## [Information shown]
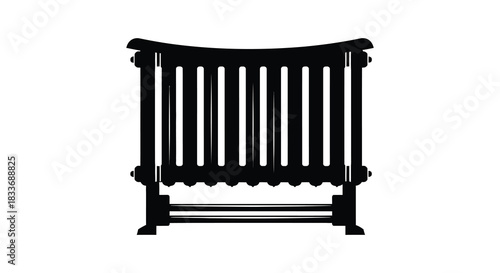 a black and white illustration of a vintage ornate metal bed frame silhouette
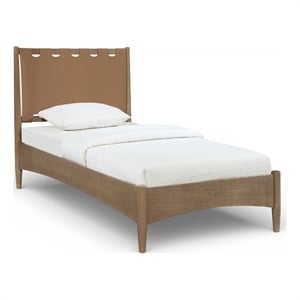 Meridian Furniture Santos Brown Vegan Leather Headboard And Wood Twin Bed
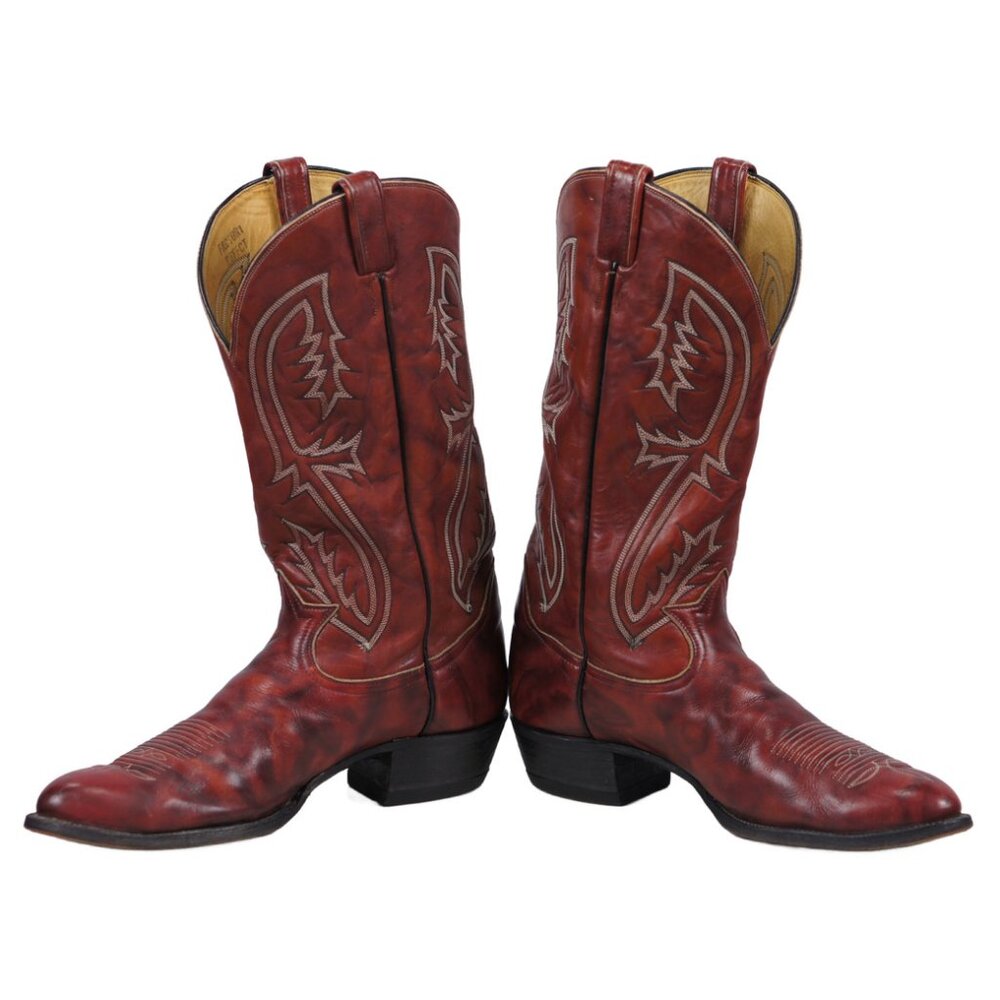 Tony Lama Marbled Red Mahogany Cowboy Western Boots Vintage El Paso TX Men 12 D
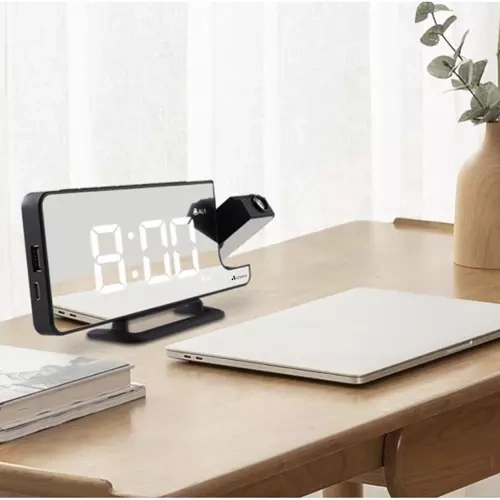 Digital Väckarklocka med Projektor – LED-Display, Spegel & USB-C - Bild 6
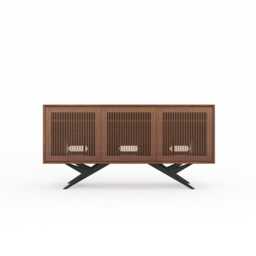 Long Walnut Record Player Stand, Mid Century Modern Media Console - thumbnail 3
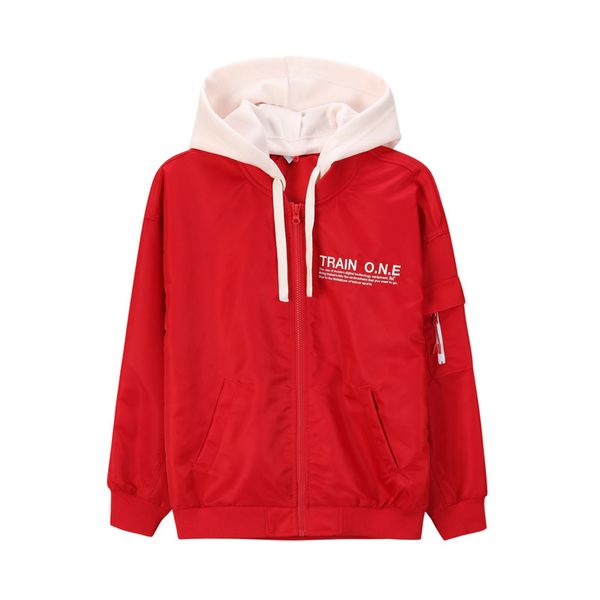 

sportswear fall 2020 new warm spring long thin loose long sleeve jacket for women, Black;red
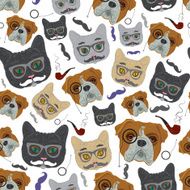 Cat and Dog Vector seamless pattern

## [Task description]
All of the data gets printed again exactly; the pictures do not.

## [Exercise answer]
 a black and white illustration of a vintage ornate metal bed frame silhouette
 Meridian Furniture Santos Brown Vegan Leather Headboard And Wood Twin Bed
 Tony Lama Marbled Red Mahogany Cowboy Western Boots Vintage El Paso TX Men 12 D
 Digital Väckarklocka med Projektor – LED-Display, Spegel & USB-C - Bild 6
 Long Walnut Record Player Stand, Mid Century Modern Media Console - thumbnail 3

sportswear fall 2020 new warm spring long thin loose long sleeve jacket for women, Black;red
 Cat and Dog Vector seamless pattern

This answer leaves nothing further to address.